On the small television mounted high on the opposite wall, a polished news anchor spoke in measured, practiced tones. Behind her, drone footage looped: a mound of shattered concrete and twisted rebar where Westbridge College's main lecture hall had stood only three days earlier. The headline ticker scrolled in urgent red: **"Tragic Structural Failure Claims 47 Lives—Decades of Neglect Blamed."**

Asher's lips curved into something too faint to be called a genuine smile, more a reflex than an expression of amusement.

"So this is how they cover it up," he murmured. His voice came out hoarse, scraped raw from screaming that still echoed in his skull.

The report was convincing, if you didn't know better. Experts in hard hats pointed at rusted support beams. Former students gave tearful interviews about "warning signs everyone ignored." A graph showed the building's age creeping toward seventy years, paint peeling, foundation settling. It was a tidy narrative: human error, bureaucratic laziness, entropy. No monsters. No blood-soaked corridors. No impossible things tearing through drywall like wet paper.

Asher knew better.

He had been on the third floor when the first tremor hit—not the low rumble of settling earth, but a deliberate, bone-deep vibration, as though something enormous had taken a single, thoughtful step. Then the screaming started. Not the chaotic panic of a crowd realizing the floor was giving way. These were sharper, more animal—screams cut off mid-breath, replaced by wet tearing sounds and the unmistakable crunch of bodies meeting something far stronger than concrete.

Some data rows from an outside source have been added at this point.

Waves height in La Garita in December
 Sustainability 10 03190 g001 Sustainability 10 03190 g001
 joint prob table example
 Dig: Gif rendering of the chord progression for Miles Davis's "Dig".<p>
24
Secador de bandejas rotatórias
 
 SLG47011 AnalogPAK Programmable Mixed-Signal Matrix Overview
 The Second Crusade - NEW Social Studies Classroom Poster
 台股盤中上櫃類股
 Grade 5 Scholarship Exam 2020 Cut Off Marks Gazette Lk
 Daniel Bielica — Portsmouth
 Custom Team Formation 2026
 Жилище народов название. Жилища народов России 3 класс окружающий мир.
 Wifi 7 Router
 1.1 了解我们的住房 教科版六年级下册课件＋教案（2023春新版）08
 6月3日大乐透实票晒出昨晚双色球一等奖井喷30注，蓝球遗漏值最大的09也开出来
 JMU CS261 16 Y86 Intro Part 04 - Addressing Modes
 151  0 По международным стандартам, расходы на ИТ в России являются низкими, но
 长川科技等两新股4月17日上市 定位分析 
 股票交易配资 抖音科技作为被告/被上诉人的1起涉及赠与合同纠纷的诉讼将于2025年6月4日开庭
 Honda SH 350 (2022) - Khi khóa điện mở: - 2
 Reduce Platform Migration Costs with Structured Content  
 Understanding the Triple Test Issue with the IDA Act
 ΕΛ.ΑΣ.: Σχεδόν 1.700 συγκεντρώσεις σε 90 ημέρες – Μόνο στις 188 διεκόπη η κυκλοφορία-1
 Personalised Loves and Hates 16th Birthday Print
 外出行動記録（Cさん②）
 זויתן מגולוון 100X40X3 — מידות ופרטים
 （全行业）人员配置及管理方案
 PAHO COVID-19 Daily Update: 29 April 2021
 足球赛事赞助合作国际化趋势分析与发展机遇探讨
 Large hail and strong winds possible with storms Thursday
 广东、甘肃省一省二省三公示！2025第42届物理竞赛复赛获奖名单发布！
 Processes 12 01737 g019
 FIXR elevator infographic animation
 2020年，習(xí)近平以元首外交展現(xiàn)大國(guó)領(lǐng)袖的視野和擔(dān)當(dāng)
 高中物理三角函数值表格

He remembered hiding behind an overturned desk in the back of the auditorium, heart slamming so hard it felt like it would crack a rib from the inside. The lights had flickered, died, come back in stuttering pulses. In those flashes he saw it: tall, impossibly tall, limbs too many and too long, skin like blackened oil that drank the light rather than reflected it. Its face—if it could be called a face—was mostly mouth, a lipless gash ringed with needle teeth that flexed independently, tasting the air. When it moved, the floor didn't crack under its weight; it simply gave, as though reality itself deferred.

Forty-seven dead, the news said.

Asher had counted at least sixty-two before he stopped counting.

He closed his eyes for a moment, trying to shove the memory down, but it refused to sink. Instead it rose sharper: the copper-salt smell of blood, the wet slap of something heavy dragging across tile, the low, almost conversational gurgle it made when it found someone still breathing. He had pressed himself into the corner until plaster dust coated his tongue, until the thing finally turned away—sated, perhaps, or simply bored—and the building finished collapsing around him in a thunderous afterthought.

Miraculously, search teams pulled him out eighteen hours later, broken but alive. The doctors called it a miracle. Asher called it bad luck.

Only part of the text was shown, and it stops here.